EXERCISE = Go through the records and restate them word for word, omitting images.

RAW DATA START

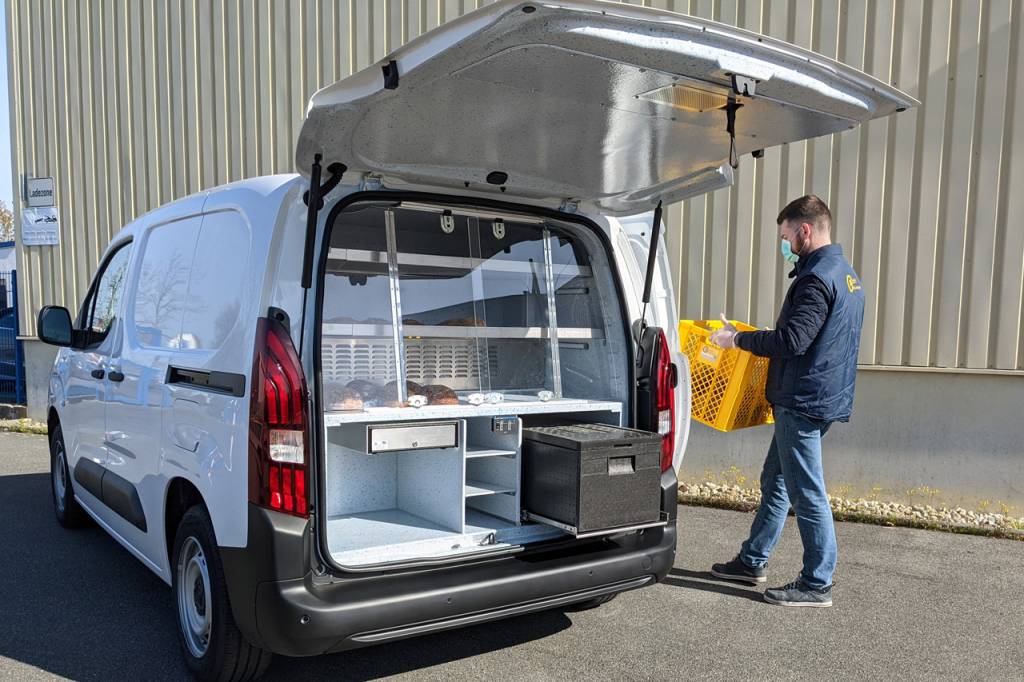 Renault Transporter mit Trans-Lining Hygiene- und Frischdienstausbau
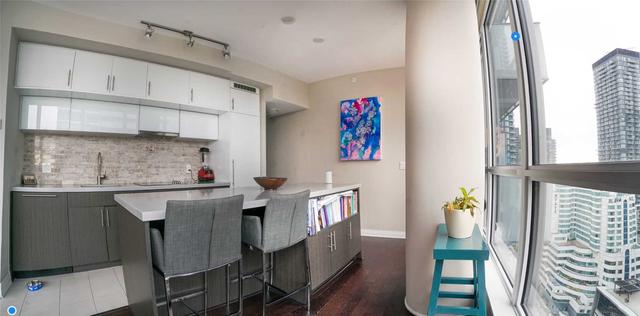 2502 - 8 Mercer St, Condo with 2 bedrooms, 2 bathrooms and 1 parking in Toronto ON | Image 2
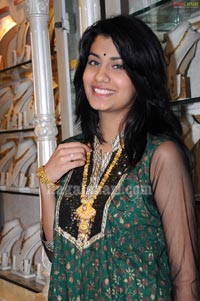 Shreya Dhanwanthary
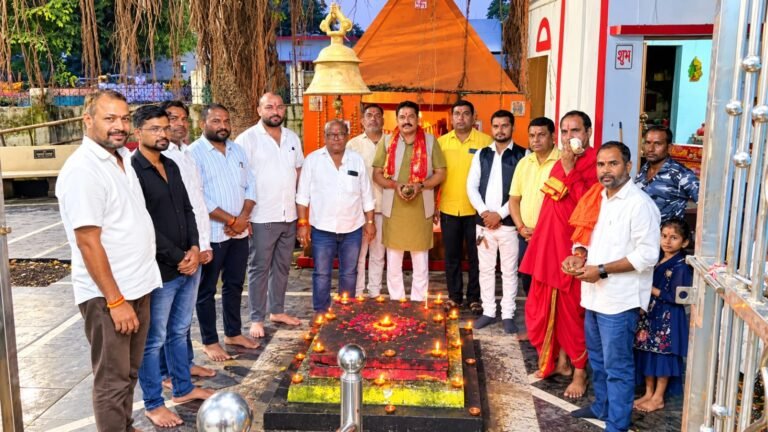 विधायक इंद्र कुमार साहू ने शीतला माता मंदिर में दीप प्रज्वलित कर प्रधानमंत्री नरेंद्र मोदी के दीर्घायु जीवन की कामना की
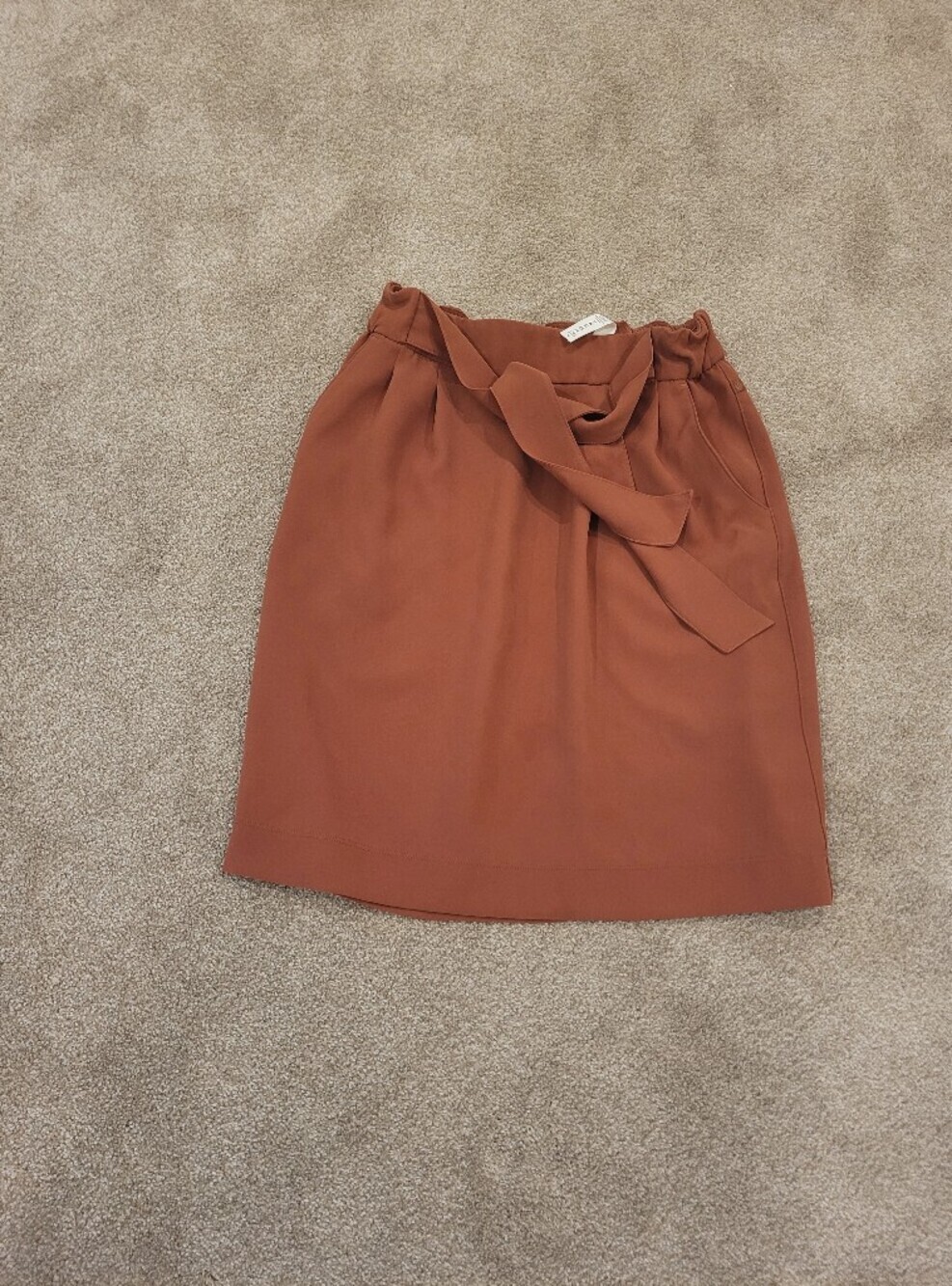 Lululemon Womens Tie-Waist Pencil Skirt in Rust Color Size 6 - Picture 3 of 6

RAW DATA END

REPLY TO THE TASK =
 Renault Transporter mit Trans-Lining Hygiene- und Frischdienstausbau
 2502 - 8 Mercer St, Condo with 2 bedrooms, 2 bathrooms and 1 parking in Toronto ON | Image 2
 Shreya Dhanwanthary
 विधायक इंद्र कुमार साहू ने शीतला माता मंदिर में दीप प्रज्वलित कर प्रधानमंत्री नरेंद्र मोदी के दीर्घायु जीवन की कामना की
 Lululemon Womens Tie-Waist Pencil Skirt in Rust Color Size 6 - Picture 3 of 6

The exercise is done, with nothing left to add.